= Student SPILL =

Student SPILL (Supporting Peers In Laidback Listening) is an anonymous and confidential peer-to-peer online support system for college students launched in December 2008. Available 24 hours a day, students can go to the Student SPILL website and vent about problems they are experiencing in an email message (a “Spill”). Student SPILL receives the message, makes the student's identity anonymous, and forwards the Spill to four to six student volunteers who are “trained in effective listening and writing empathetic responses”. Each volunteer sends a response to the student within 24 hours for free. In their response to Spills, Student Supporters provide local and national resources that may also be helpful to the Spiller. The Spilling process ends here, as all Spills are "one-shot deals".

As of February 2011, Student SPILL is available to ten post-secondary education campuses across the United States, and only students with .edu email addresses from these institutions may use the messaging service. However, Student SPILL is expanding rapidly and has affected over 1,000 students since its creation. Student SPILL also categorizes each Spill registered by the website to find unique trends to each college. At the end of a term, “Spill-using schools can leverage the data the service provides for student retention, risk mitigation, suicide prevention and to develop recommendations for services they should consider.”

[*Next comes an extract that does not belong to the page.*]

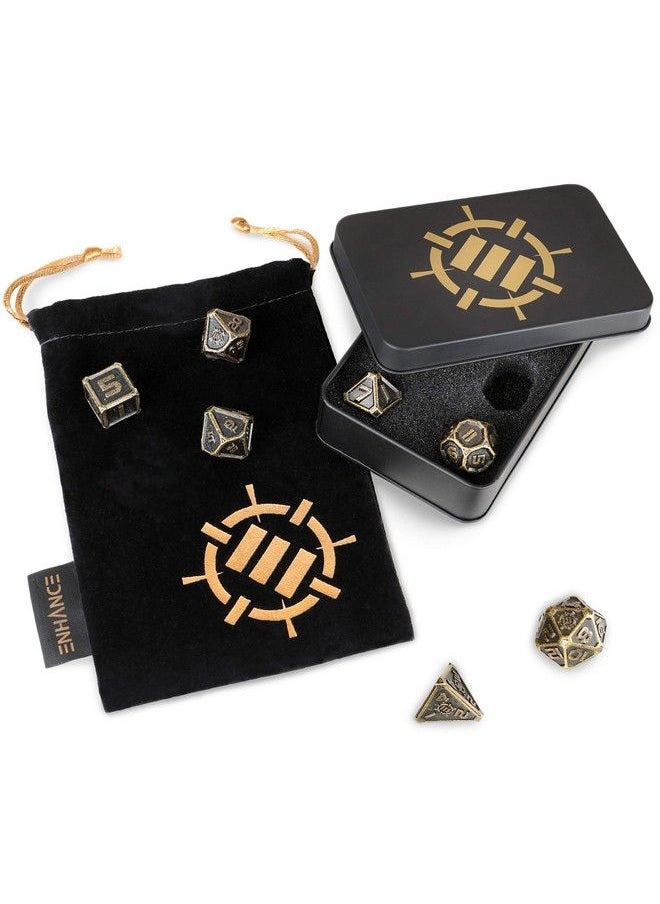 ENHANCE - Dnd Metal Dice Set 7Pc Polyhedral Dice With Storage Case And Drawstring Dice Bag Solid Metal D&D Dice Set For Dungeons And Dragons Pathfinder More Rpgs (Ancient Bronze) - Image 1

Student SPILL intends to be a complement of existing counseling services and decrease the stigma associated with seeking professional help. It does not attempt to replace counseling services. There is a rising gap in ratio of counselors to students of only about one to every 1,600 students. Whereas the recommendation to counseling centers is one full-time equivalent counselor for every 1,000 students. At the same time the student need for counseling services is increasing. As a result, waitlists at college and university counseling centers are escalating. SPILL may serve as a one-time substitute when students who need immediate support and cannot acquire professional assistance. SPILL may also be a stepping stone for students afraid to seek professional help. Student Supporters often provide the college counseling center as a resource in their responses to Spills. Peer referrals to counseling centers may be most effective because peer providers have the capacity to be as effective, or more effective, than professionals at delivering some services.